#### DIRECTIONS:
Exactly reproduce the lines from the line bearing "Villa en venta" through the end of the listing, inclusive of both; pictures are to be omitted.

━━━━━━━━

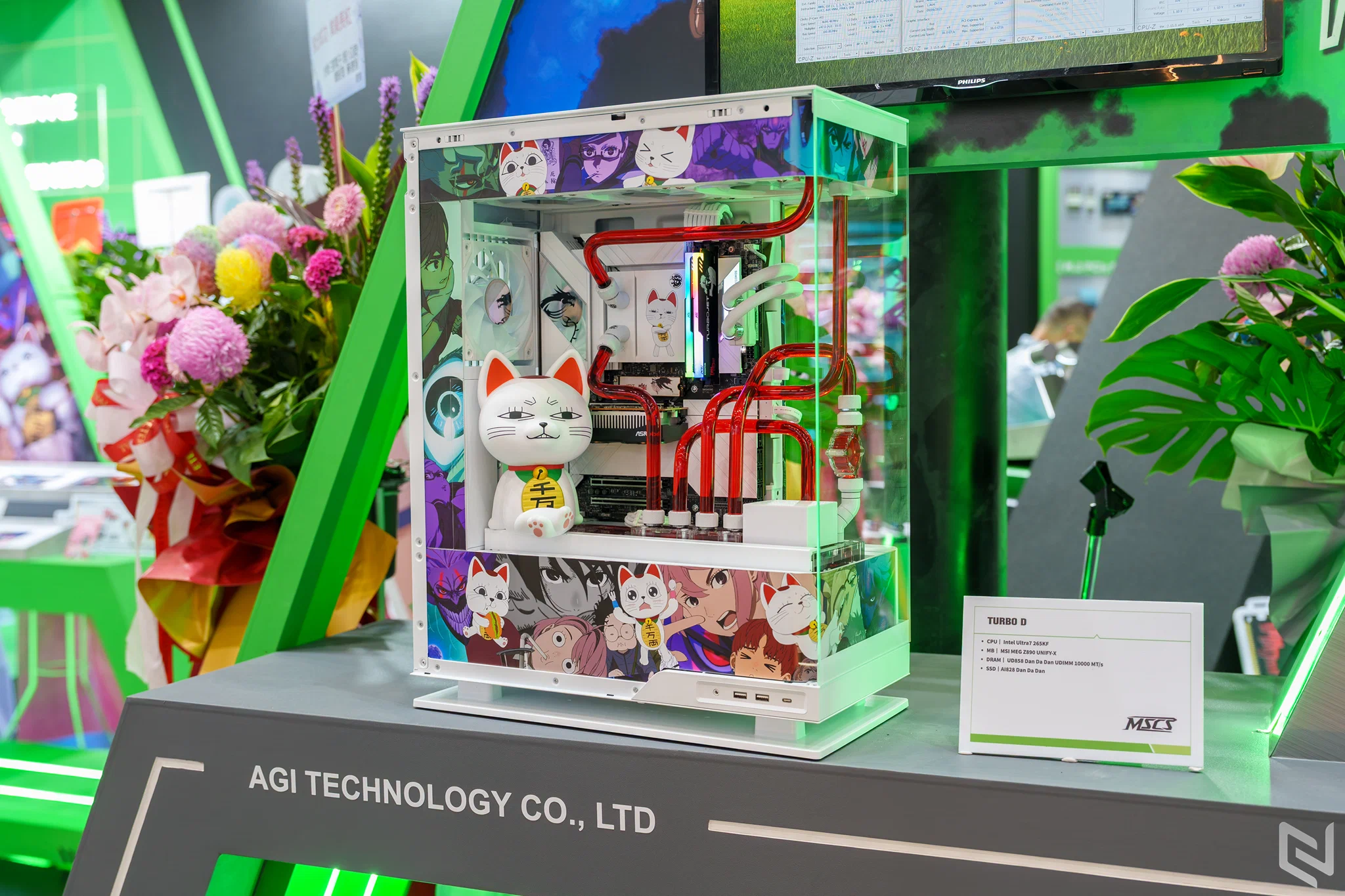 AGI Technology mang DDR5 R-DIMM và phiên bản đặc biệt DAN DA DAN tại COMPUTEX 2026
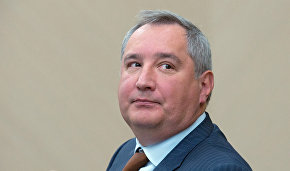 Вице-премьер России Дмитрий Рогозин
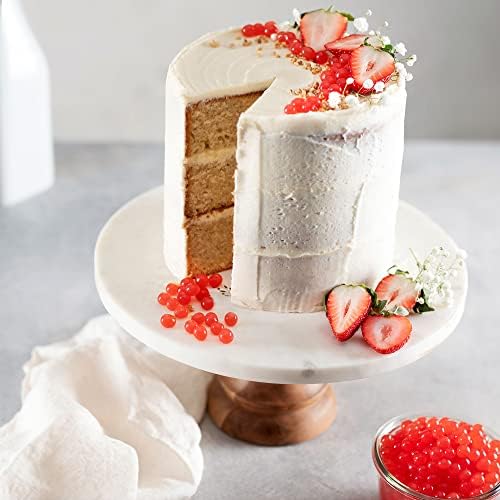 Pomegranate Boba Pearls, Pomegranate Popping Boba Bursting Boba, Pomegranate Bubble Tapioca Pearls For Bubble Tea (Pomegranate,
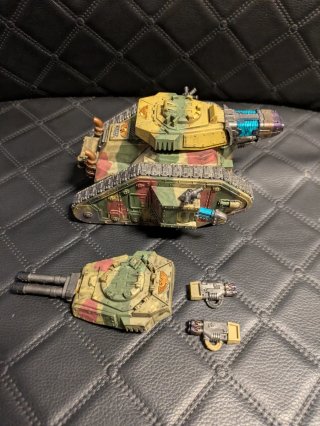 Leman Russ Astra Militarum Warhammer 40k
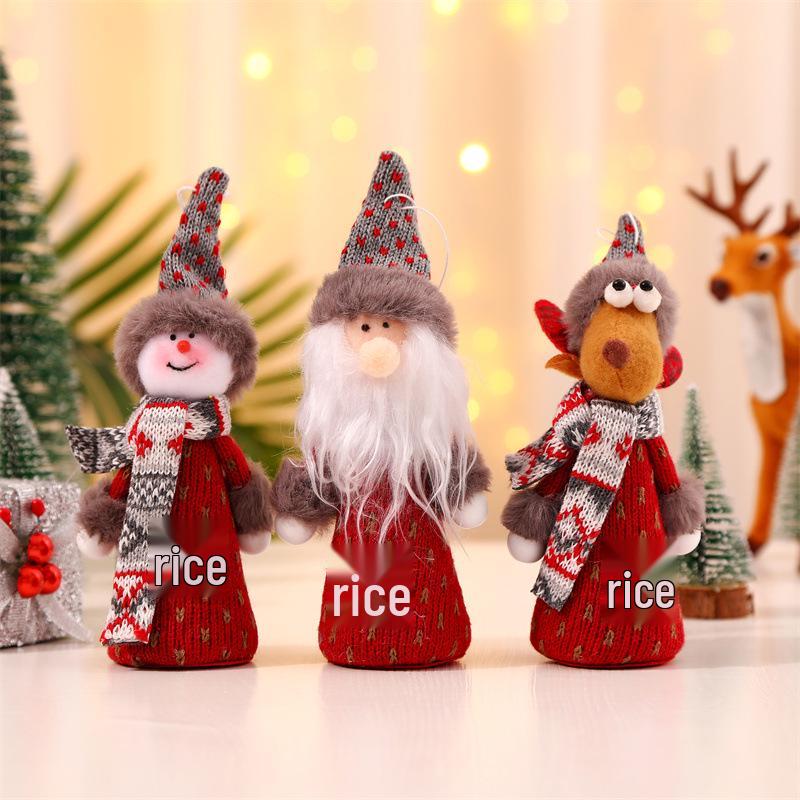 Creative Winged Angel Christmas Tree Ornaments - Child-Friendly Hanging Decorations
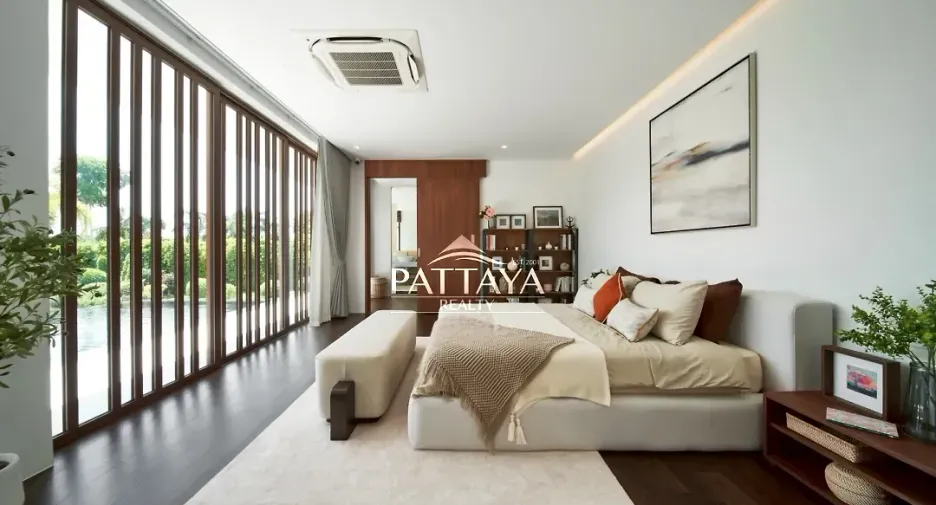Villa en venta de 2 habitaciones en Sattahip, Chonburi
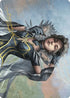 Eriette, the Beguiler Art Card (Gold-Stamped Signature) (ASOTJ-052) - Art Series: Outlaws of Thunder Junction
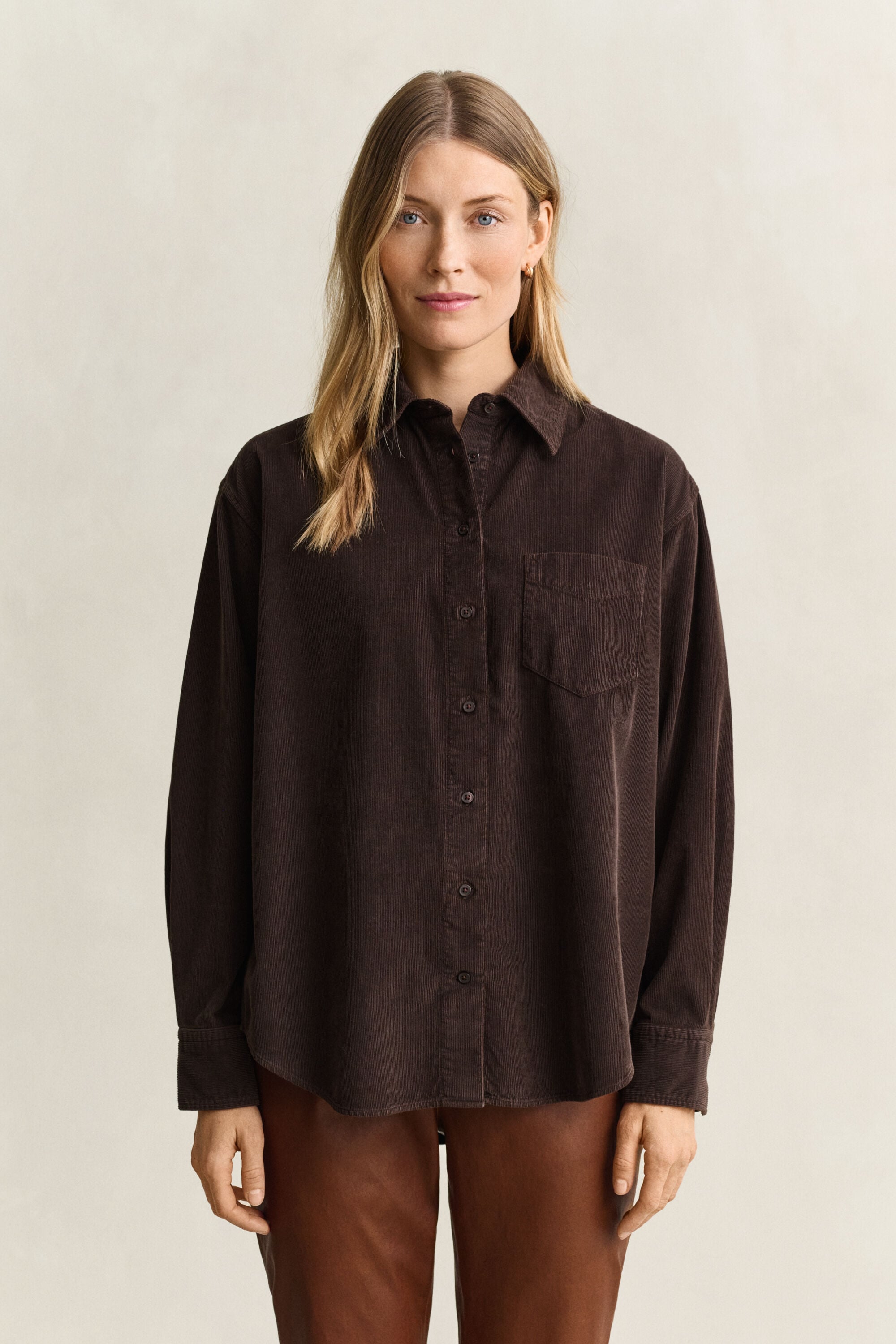 Relaxed Corduroy Shirt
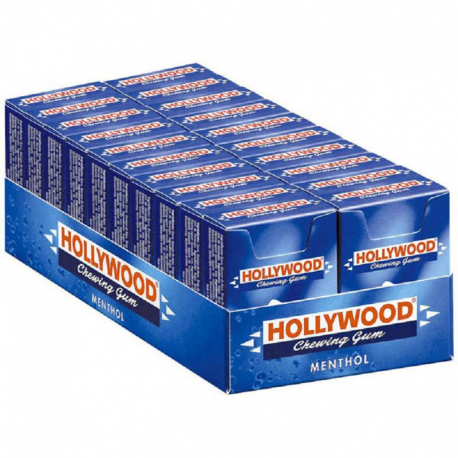 Hollywood dragées menthol - 20 étuis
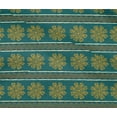 thumbnail image 4 of oneOone Tissu en Coton Flex Imprimé Floral & Chevron BTY 40 Pouces de Large, 4 of 4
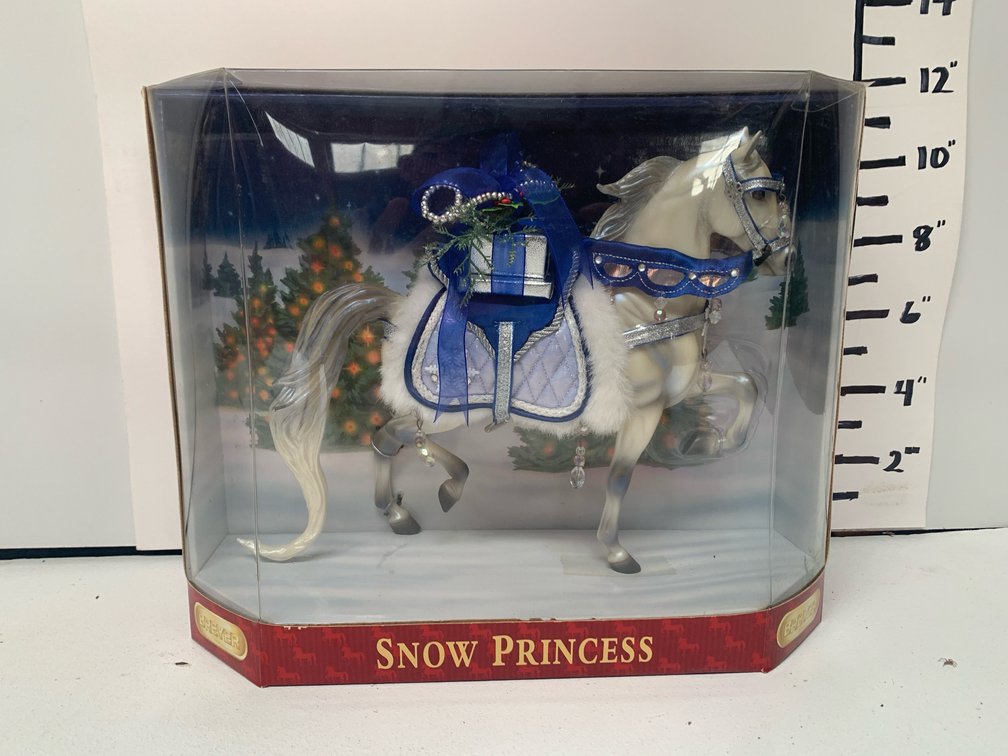 Breyer “Snow Princess” Horse New In Box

━━━━━━━━

#### OUTPUT FOR THIS TASK:
Villa en venta de 2 habitaciones en Sattahip, Chonburi
 Eriette, the Beguiler Art Card (Gold-Stamped Signature) (ASOTJ-052) - Art Series: Outlaws of Thunder Junction
 Relaxed Corduroy Shirt
 Hollywood dragées menthol - 20 étuis
 thumbnail image 4 of oneOone Tissu en Coton Flex Imprimé Floral & Chevron BTY 40 Pouces de Large, 4 of 4
 Breyer “Snow Princess” Horse New In Box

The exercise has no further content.